Schools, Race, Poverty, and Jail


Schools, Race, Poverty, and Jail

There was a substantial difference in attendees at the June 1, 2015 Department of Justice (DOJ) hearings on race relations regarding youth and schools. There actually were some high school kids at the discussions. Most of them came as a result of youth organizations such as Dania and Matt’s work at SAGE, Joe and Maria work at YEA, Isabel’s and Angelique’s work at N-Cite, and Dee’s work at Future Focus.

The students brought with them their experiences of racism in the class room and elsewhere. When my kids went to North High School there was a history teacher who would use g.ks to describe Vietnamese, even with Vietnamese kids in the class. My children told us and we organized some parents to visit the principal and demand that teacher be fired. He was not fired, but he was allowed to retire after another year.

At the DOJ hearing people were asked what could be done. Unfortunately the enthusiasm of the kids could not replace the need to understand what had taken place in the past. Curiously City Councillor Konnie Lukes had some of that history, but she also brought arrogance and assertiveness to what should have been a discussion among peers. On the one hand she wanted to know the background of everyone at the table. Then she point out neighborhood schools was not desirable because of desegregation consent agreement and that curriculum was for the most part State mandated.


The Worcester Police Community Liaison Officer suggested that we look at the Nativity School for ideas. Although impracticable for a school system as large as Worcester, the Nativity School has a premise that low income kids have to be removed from the bad effects of poverty by means of long hours in school or in after school programs and school during the summer. It seems to be an effective pedagogy.

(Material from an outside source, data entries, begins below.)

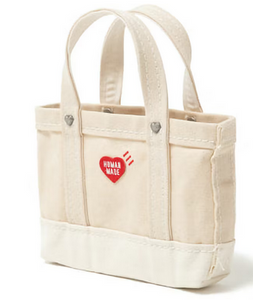 バッグ HUMANMADE MINI SHOULDER TOTE BAG Human Made Heavy Canvas Mini Shoulder Tote Bag White – shoegamemanila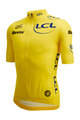 SANTINI Tricou de ciclism cu mânecă scurtă - TOUR DE FRANCE - YELLOW JERSEY - galben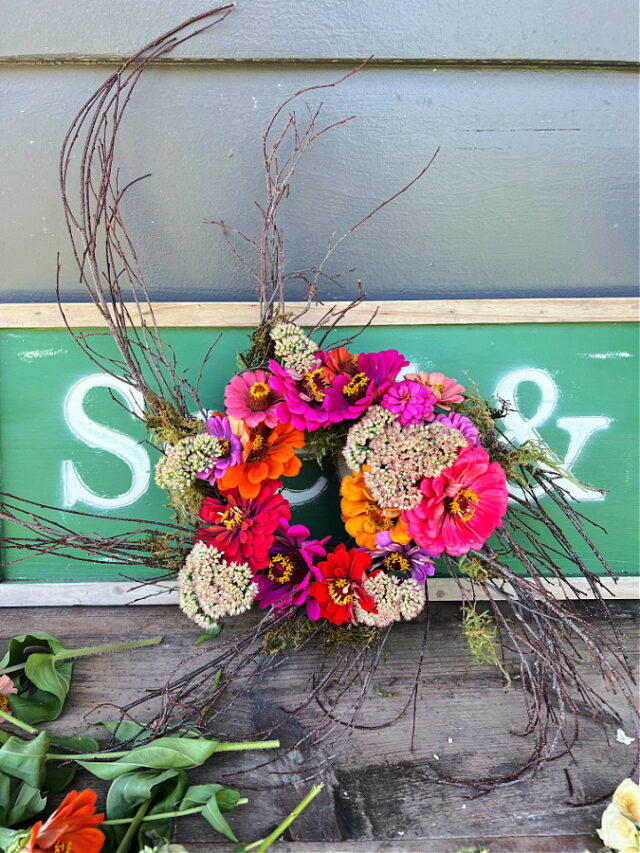 How to Make A Dried Zinnia Wreath » Grow Beauty With Ease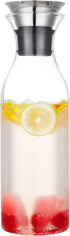 Karafu Glass Carafe with Lid, 50 Ounces Borosilicate Glass Pitcher for Hot/Cold Beverages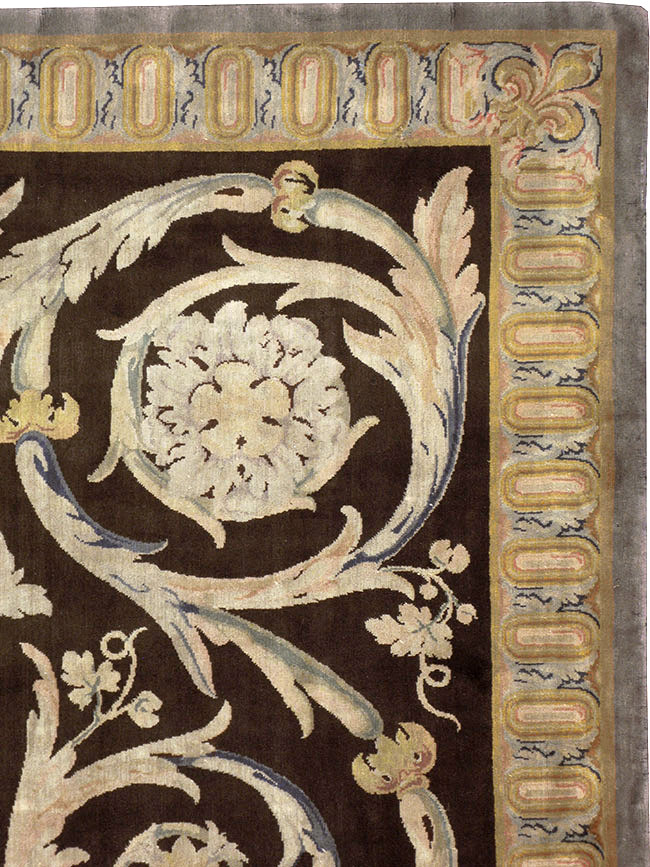 Antique French Savonnerie Carpet, No.13648 - Gsblank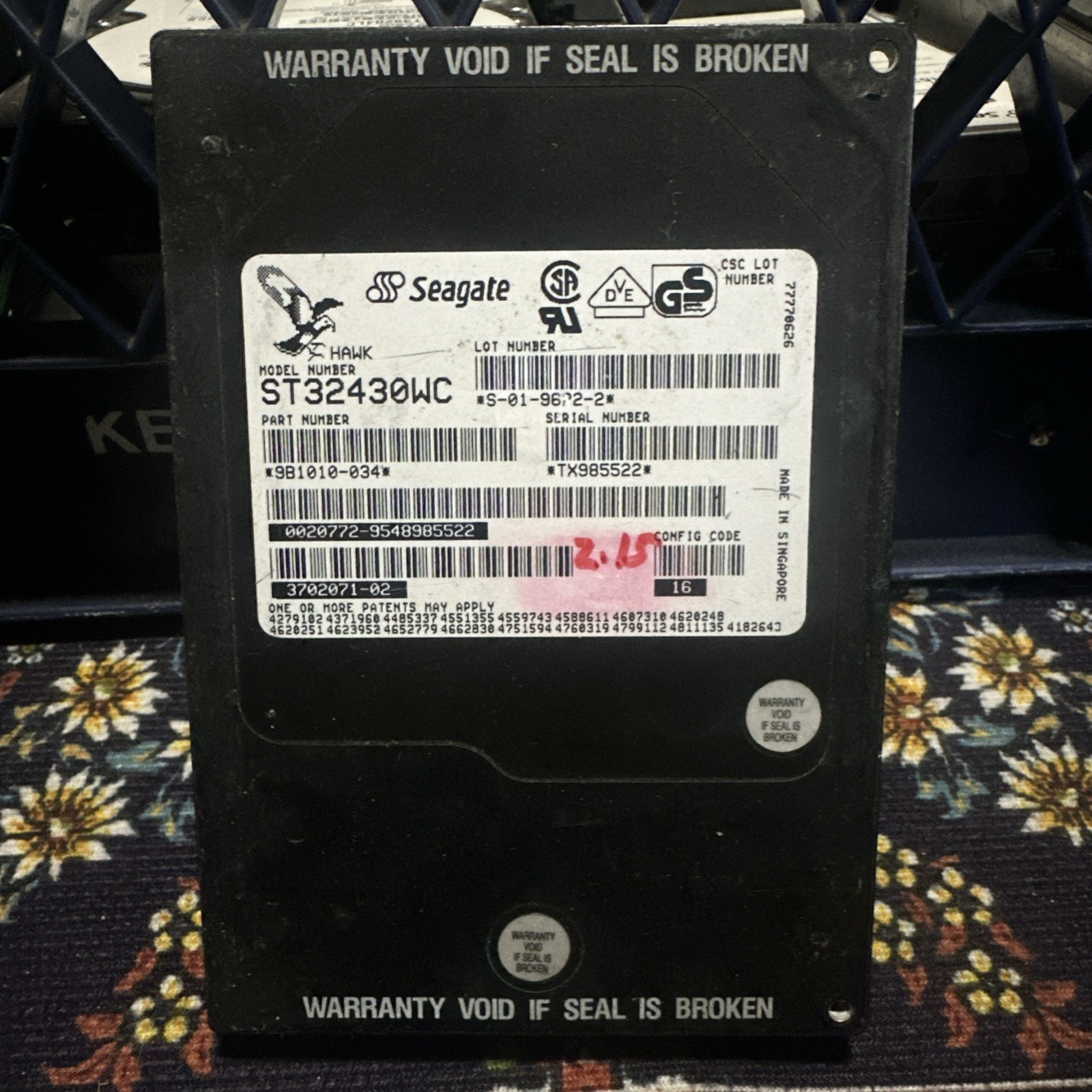 Seagate Hawk 2LP ST32430WC 2 GB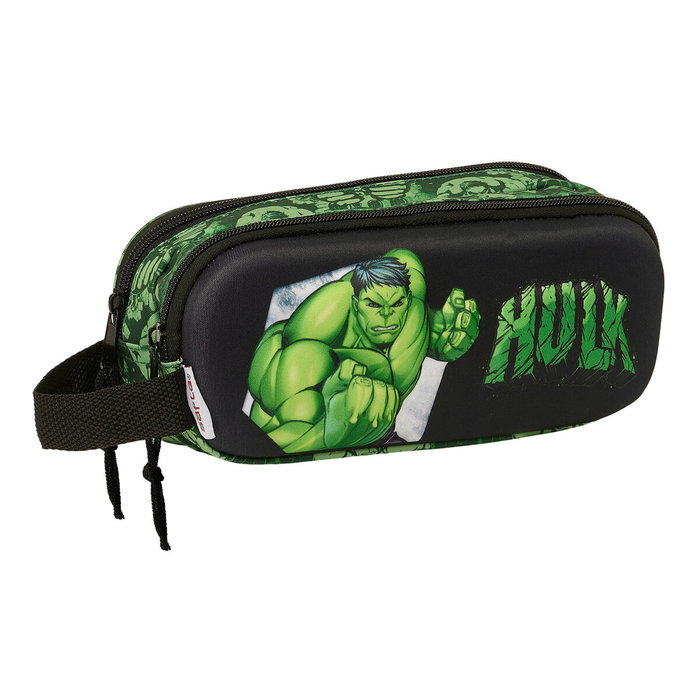 Safta Portatodo Doble 3D Hulk Marvel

A member of the Progressive Labor and the Massachusetts Human Rights Committee raised the issue of no school to jail pipeline. She specifically attacked the proposal by the Mayor, City Manager, and others to have cops in the schools and the use of the criminal legal system to resolve school issues. She suggested mediation and other alternate forms of conflict resolution.

I am beginning to change my mind about the usefulness of the DOJ hearings. These hearings have allowed people to network. I still believe however that the announced goals of the discussions on race relations would have better served if the City Manager would have had direct discussions without the presence of people such as the Tea Party and Turtleboy and Billy Breault; all of whom are perceived as racists by some in the communities of color.


From this networking the voices of those dis-empowered hopefully will be stronger.